◆ Supplied records:

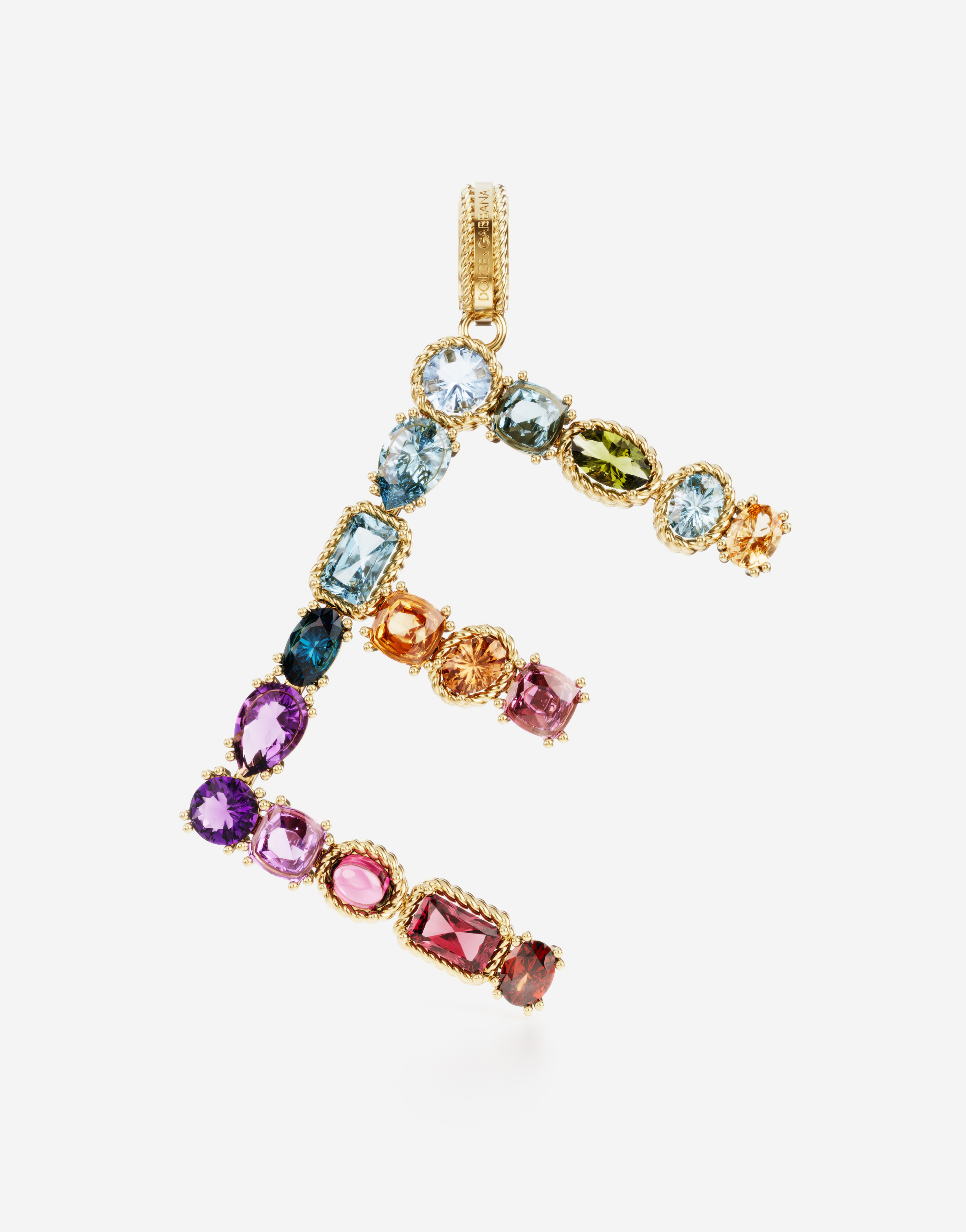 Rainbow alphabet E 18 kt yellow gold charm with multicolor fine gems in Gold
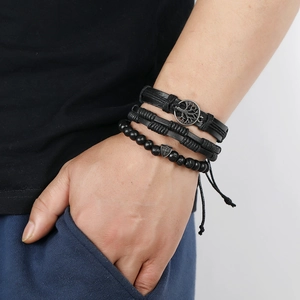 Mens vintage black leather tree of life bracelet set with woven ropes and matte beads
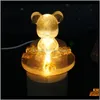 Sieraden zakjes zakken handgemaakt houten led licht dispaly kristal glas hars kunst ornament houten nacht verlichte basisstandaard ambachten 13dc d8nqi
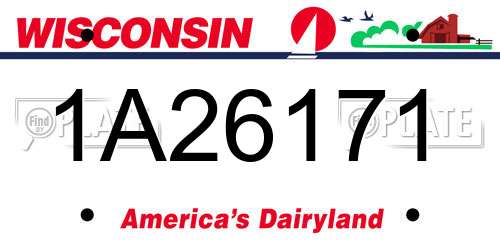 1A26171 Wisconsin License Plate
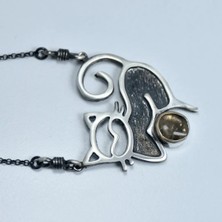 Doğaltaş Diaspor Kolye Kedi Figürlü (Zultanit)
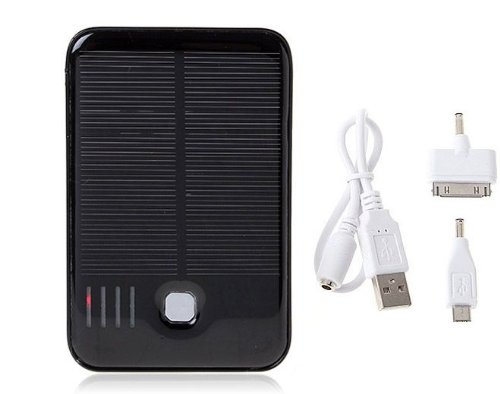 Solar Power 0.7W 5000mAh External Power Source Portable Power Bank-S5000, Black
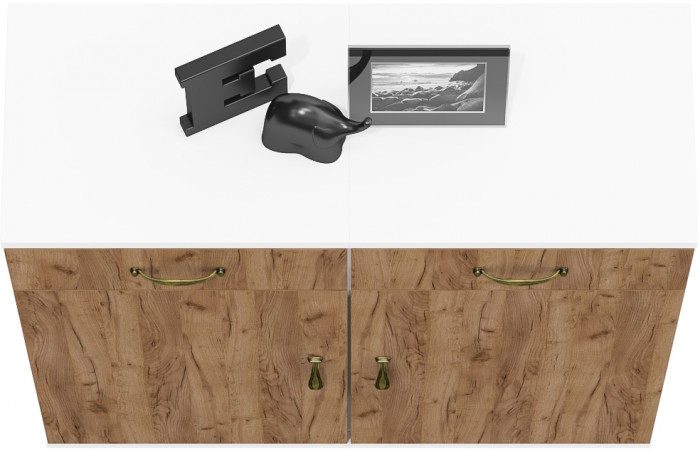 Лидер-8 Тумба МД 3.15 2 шт., белый шагрень/крафт золото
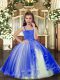 Tulle Straps Sleeveless Lace Up Beading Kids Pageant Dress in Blue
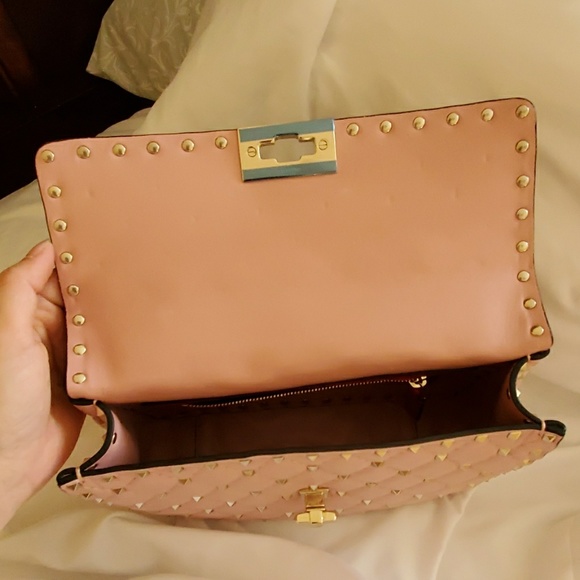 Spike bag Valentino pink lambskin - Picture 5 of 8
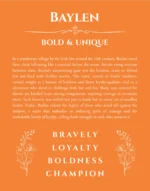Baylen personalized name art with origin story in orange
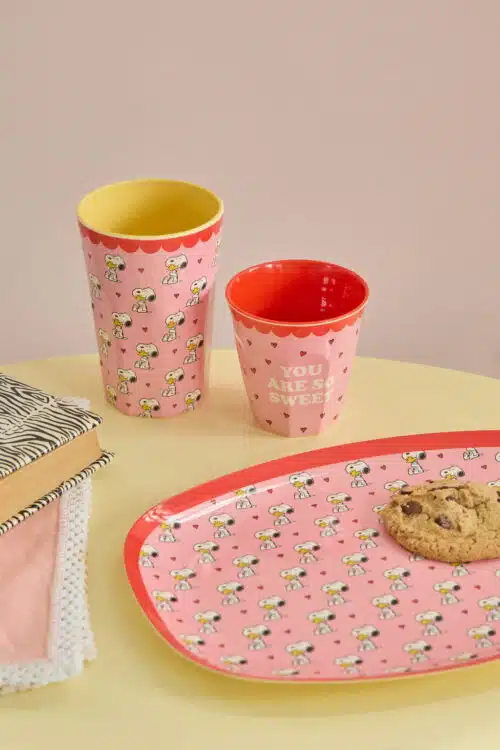 Ovaal bordje Pink Snoopy Print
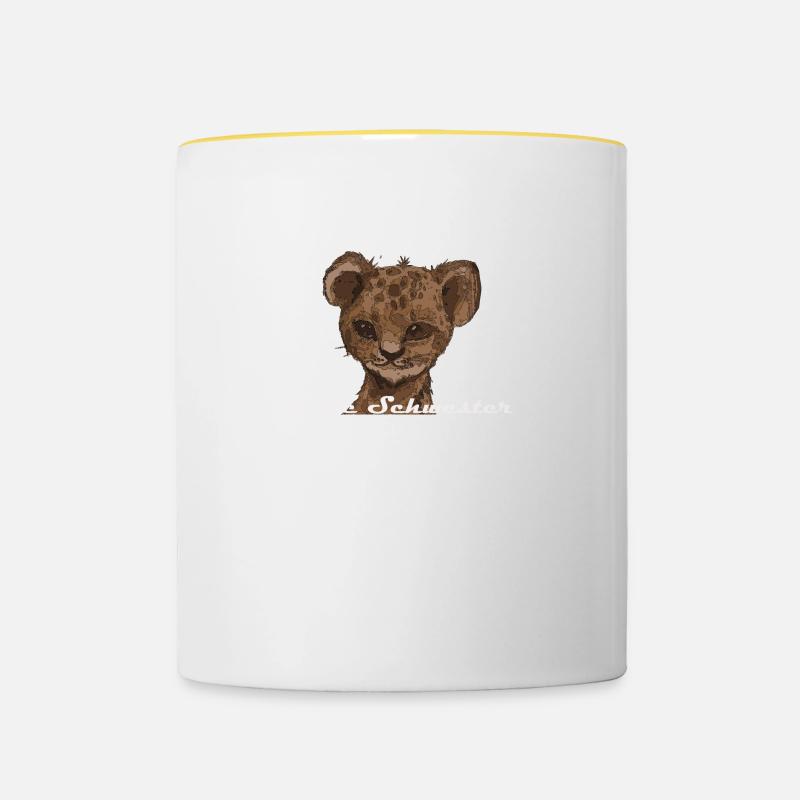 Große Schwester - Löwe - Tasse zweifarbig - Weiß/Gelb
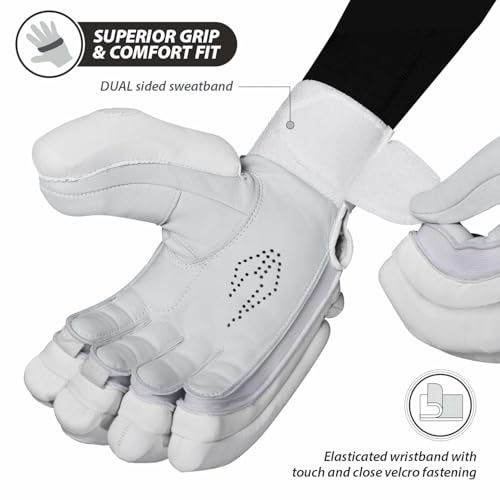 Image of DSC RS 35 God's Plan Cricket Batting Gloves | Airflow Gusset | Moisture Absorption | Optimum Ventilation | Durability & Long-Lasting | Material: PU-Leather | Color: White |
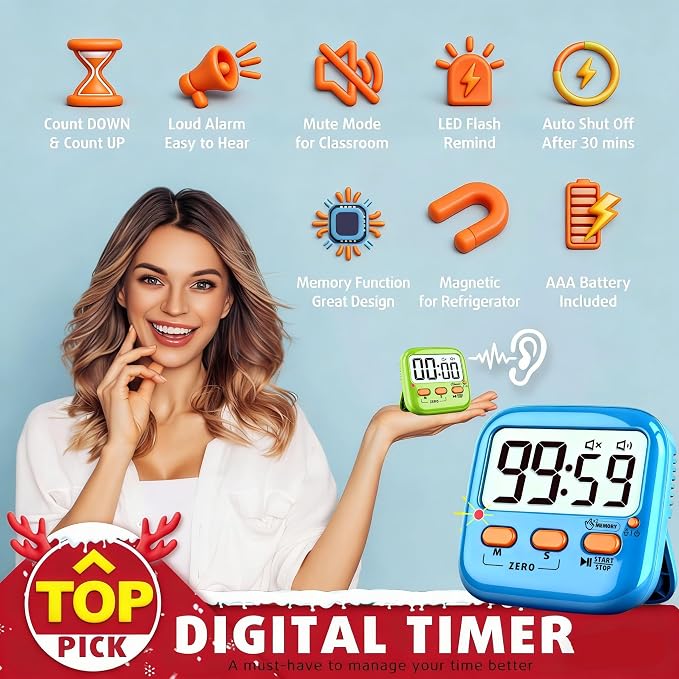 2 Pack Digital Timer for Kids, Magnetic Kitchen Timers for Cooking, Oven Baking - Image 3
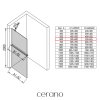 CERANO - Parawan prysznicowy typu walk-in Onyx YL/P - 8 mm + półka/uchwyt na ręcznik - chrom, szkło ryflowane - 60x200 cm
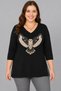 Plus Size Owl Print V-Neck Long Sleeve Side Slit Blouse Black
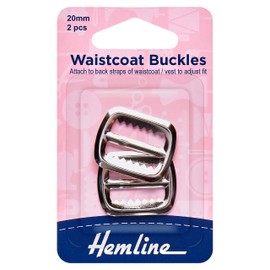 Hemline H463/SIL | Nickel Vest/Waistcoat Buckle 20mm | 2 Pieces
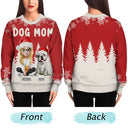 Dog Lovers, Christmas, Happy - Dog Mom Mum 3D Effect White Trees - Personalized Unisex Ugly Sweater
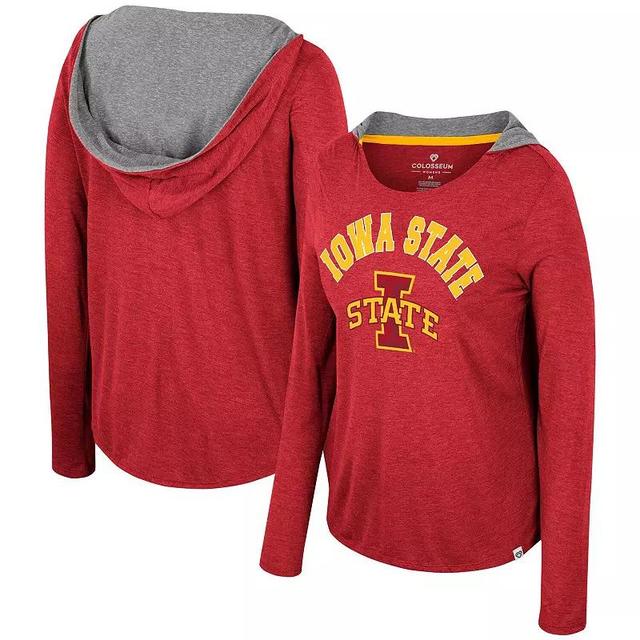 Womens Colosseum Cardinal Iowa State Cyclones Distressed Heather Long Sleeve Hoodie T-Shirt Product Image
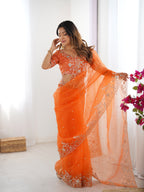 Premium Organza Silk Embroidered Saree With Designer Blouse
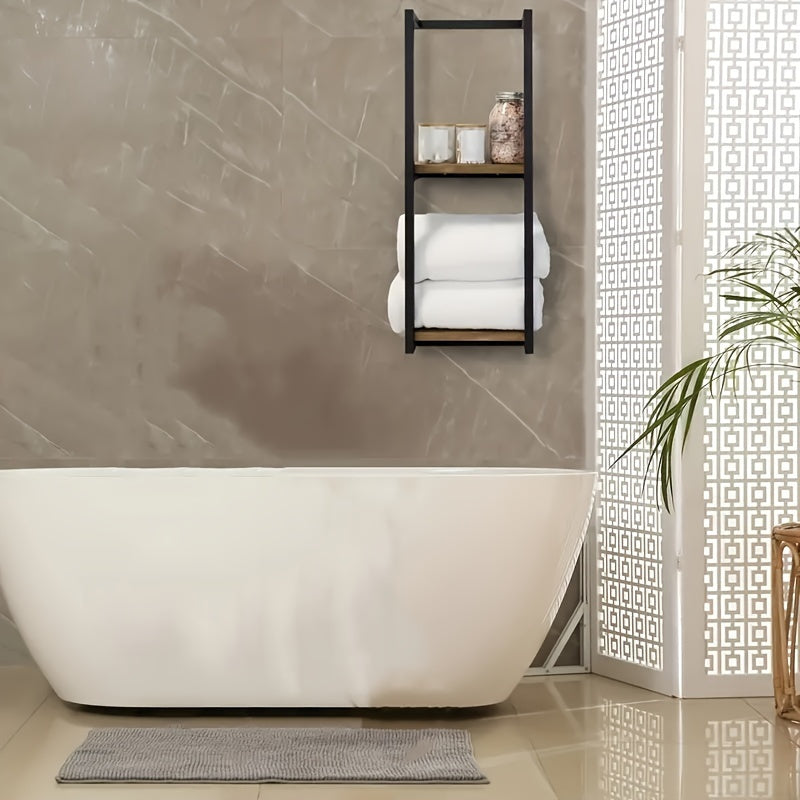 Rack Space-Saving Towel for a Tidy Bathroom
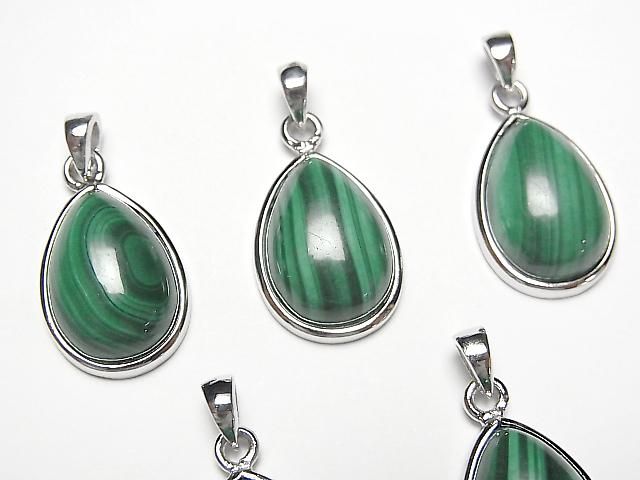 [Video] Malachite AAA Pear Shape Pendant 15x12mm Silver925 1pc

◆ Problem to work on: The copy must include every record exactly and none of the pictures.

◆ Result for this exercise:
 Rainbow alphabet E 18 kt yellow gold charm with multicolor fine gems in Gold
 Mens vintage black leather tree of life bracelet set with woven ropes and matte beads
 Sieraden zakjes zakken handgemaakt houten led licht dispaly kristal glas hars kunst ornament houten nacht verlichte basisstandaard ambachten 13dc d8nqi
 1A26171 Wisconsin License Plate
 Doğaltaş Diaspor Kolye Kedi Figürlü (Zultanit)
 Solar Power 0.7W 5000mAh External Power Source Portable Power Bank-S5000, Black
 Лидер-8 Тумба МД 3.15 2 шт., белый шагрень/крафт золото
 Tulle Straps Sleeveless Lace Up Beading Kids Pageant Dress in Blue
 Spike bag Valentino pink lambskin - Picture 5 of 8
Baylen personalized name art with origin story in orange
 Ovaal bordje Pink Snoopy Print
 Große Schwester - Löwe - Tasse zweifarbig - Weiß/Gelb
 Image of DSC RS 35 God's Plan Cricket Batting Gloves | Airflow Gusset | Moisture Absorption | Optimum Ventilation | Durability & Long-Lasting | Material: PU-Leather | Color: White |
 2 Pack Digital Timer for Kids, Magnetic Kitchen Timers for Cooking, Oven Baking - Image 3
 CERANO - Parawan prysznicowy typu walk-in Onyx YL/P - 8 mm + półka/uchwyt na ręcznik - chrom, szkło ryflowane - 60x200 cm
 Plus Size Owl Print V-Neck Long Sleeve Side Slit Blouse Black
 Hemline H463/SIL | Nickel Vest/Waistcoat Buckle 20mm | 2 Pieces
 Dog Lovers, Christmas, Happy - Dog Mom Mum 3D Effect White Trees - Personalized Unisex Ugly Sweater
 Womens Colosseum Cardinal Iowa State Cyclones Distressed Heather Long Sleeve Hoodie T-Shirt Product Image
 Premium Organza Silk Embroidered Saree With Designer Blouse
 Rack Space-Saving Towel for a Tidy Bathroom
 [Video] Malachite AAA Pear Shape Pendant 15x12mm Silver925 1pc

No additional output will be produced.